The real joke of all of this is that you would hate to experience my reality at the cost of your dream.

Black people have been screaming our lives matter since the moment we were forced to build the very country you love. Black people were crying our lives matter as we watched our sons and daughters be crucified by your hands. Black people have begged for you to see that our lives matter since your men snatched us and forced our mothers to breed your children, while you feed ours to alligators. You say you worship a God, yet who am I, if not the child by the same God you believe to worship. You say he tells you to love, but it requires your rights to be lost before you stick up for mine? You say he cares, but where are your tears for Breonna Taylor, Eric Gardner, and the endless names of innocent Black humans that were killed while living a lie you forced us to see? You say he is fair, but what fairness have you shown me that I did not have to fight for you to give?

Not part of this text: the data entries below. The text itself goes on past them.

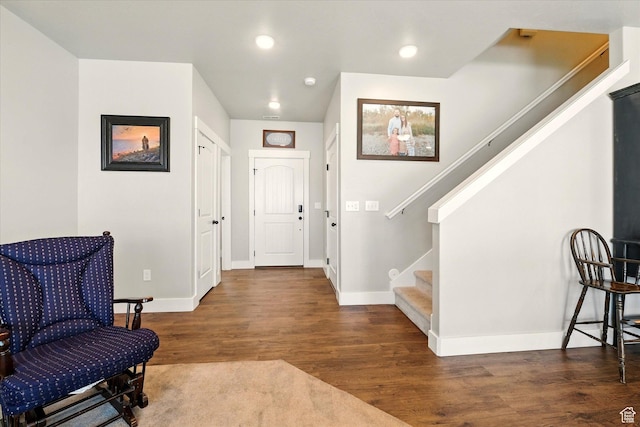 1469 W 2200 S, Wellsville, UT 84339 - foyer with stairs, wood finished floors, and recessed lighting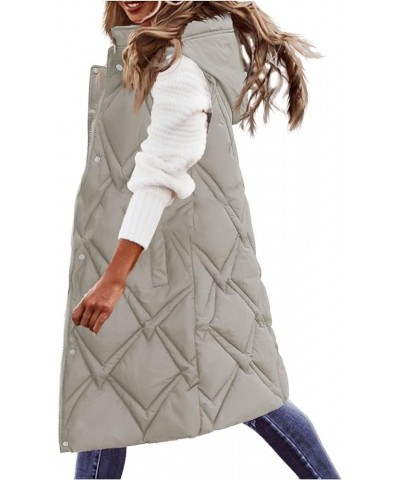 Quilted Warm Coat With Pockets Women's Long Vest Zipper Sleeveless Jacket Winter Quilted Outdoor Fashion Hooded Coat D-green ...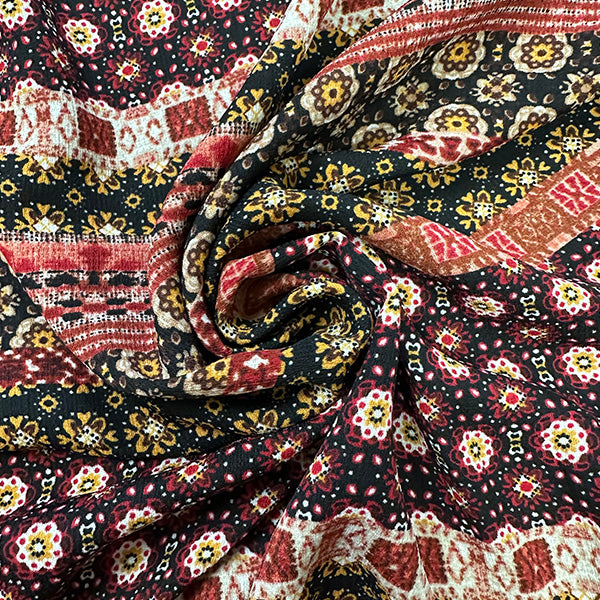 Red Multi Stripe Print High Crepe Fabric
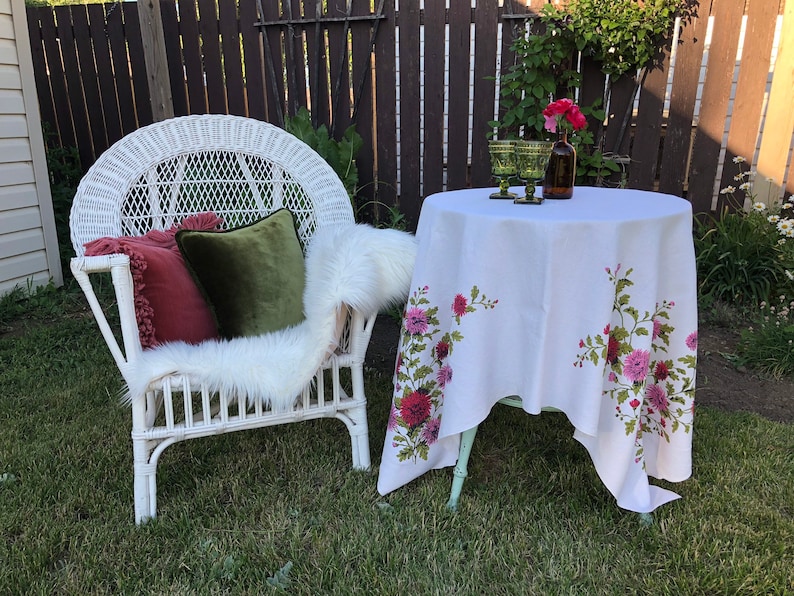 Vintage Pink Mums Tablecloth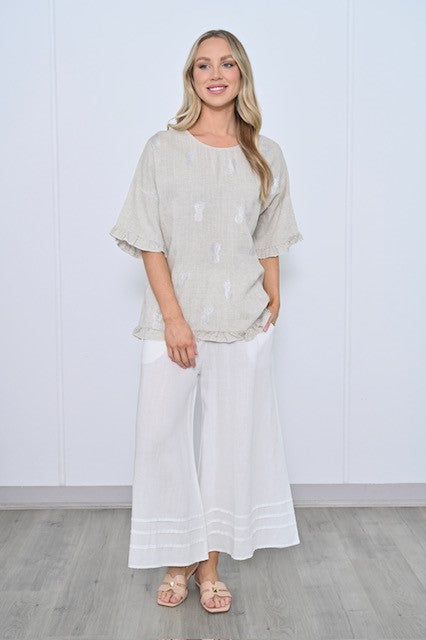 Pineapple Frill Linen Top- Beige [siz:large To Xl]
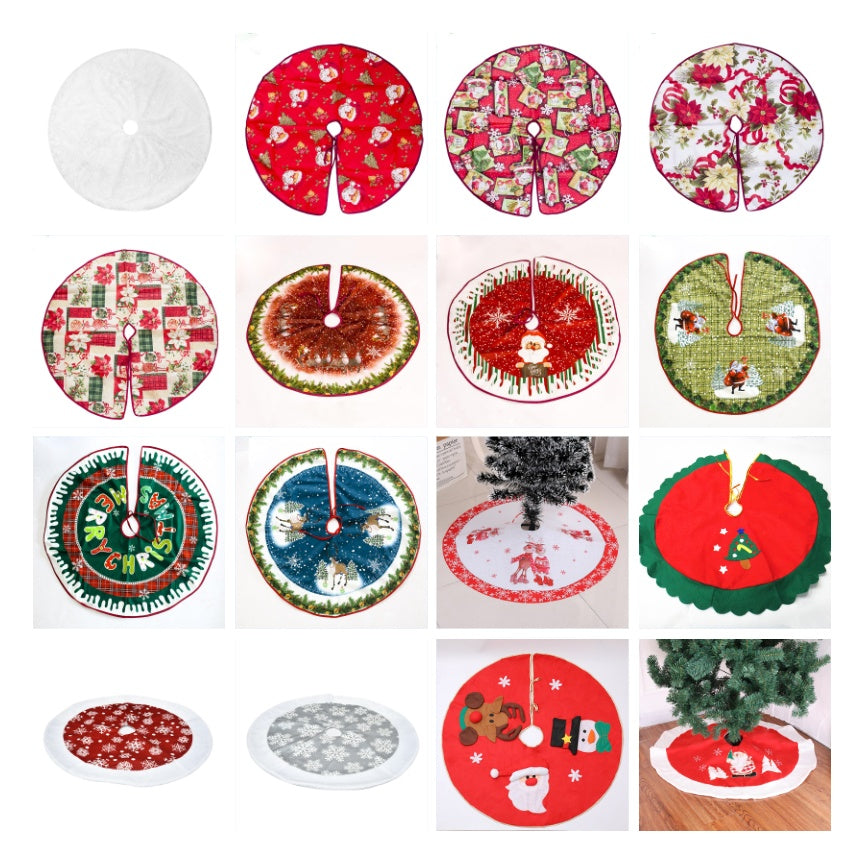 Christmas Tree Skirt Decorations Gift Scene Decor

What am I? Am I the negro, the nigga, the motherfucker, and the other names you reduced me to accept? No, today those words make you comfortable only when you see that I am not in the room. Am I the fear that you harbor, as you realize you truly have no real power? You are scared. No need to lie. You fear my happiness, because it means you become just like me. A human being that has to fight for his position in a world mindlessly chasing their dreams.

If you did not fear me, you would stand with me to call out institutions raising tuition when many of us are jobless. If you did not fear me, you would stand by my side to denounce the laws built to surpass me. Or maybe, you do not believe I am human. For what human would want to endure slavery before being allowed welfare? If I described the blessings of the Holocaust; you would condemn me. If I laughed on 9/11, you would hold me accountable. Yet when it comes to slavery, you simply say “it was a choice.”

So White Americans, what I am? At least tell me what I am, before you strip me of who I am meant to be.